Today, we need to submit to the creative control of the Holy Spirit. You and I like to limit where we think the sublime effects of the Holy Spirit can occur. We can lock the Holy Spirit in our own limitations of our own religious groups, our own national and ethnic habits or own socio-economic educational groups. The Holy Spirit is truly universal. Each person's body has the limitation of physical location. We have blood types and different DNA. We have different color skin. We have different inward and outward orientations.
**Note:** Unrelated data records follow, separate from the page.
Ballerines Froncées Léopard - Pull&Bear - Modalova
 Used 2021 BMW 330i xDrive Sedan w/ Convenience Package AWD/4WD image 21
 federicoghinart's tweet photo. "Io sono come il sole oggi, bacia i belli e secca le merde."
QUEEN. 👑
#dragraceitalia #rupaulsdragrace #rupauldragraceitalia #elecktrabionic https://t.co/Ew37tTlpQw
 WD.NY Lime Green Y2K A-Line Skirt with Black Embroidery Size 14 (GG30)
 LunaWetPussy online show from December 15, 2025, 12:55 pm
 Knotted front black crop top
And as we look far below the layer of our skin, we can arrive at the true universal of the world, the universe and of all life: we arrive at the universal and all inclusive Holy Spirit, who is the One regulator of all human differences.
As we celebrate this feast of Pentecost, this feast of the Holy Spirit of God, let us invite the Holy Spirit to be the creative regulator of our experiences of the Sublime.
Today, I wish for each of us many of the most delicious experiences of the Sublime, not of the addictive kind, but the ones that come because our lives have been to be regulated by the Holy Spirit who gives us in all experience, the experience of love, joy, peace, hope, gentleness, humility, patience, self control and faith. With the Holy Spirit as our creative regulator, we can experience a wide variety of the Sublime to keep us surprisingly joyful and always with the ecstatic alleluia in our mouths. Alleluia. Alleluia. Amen.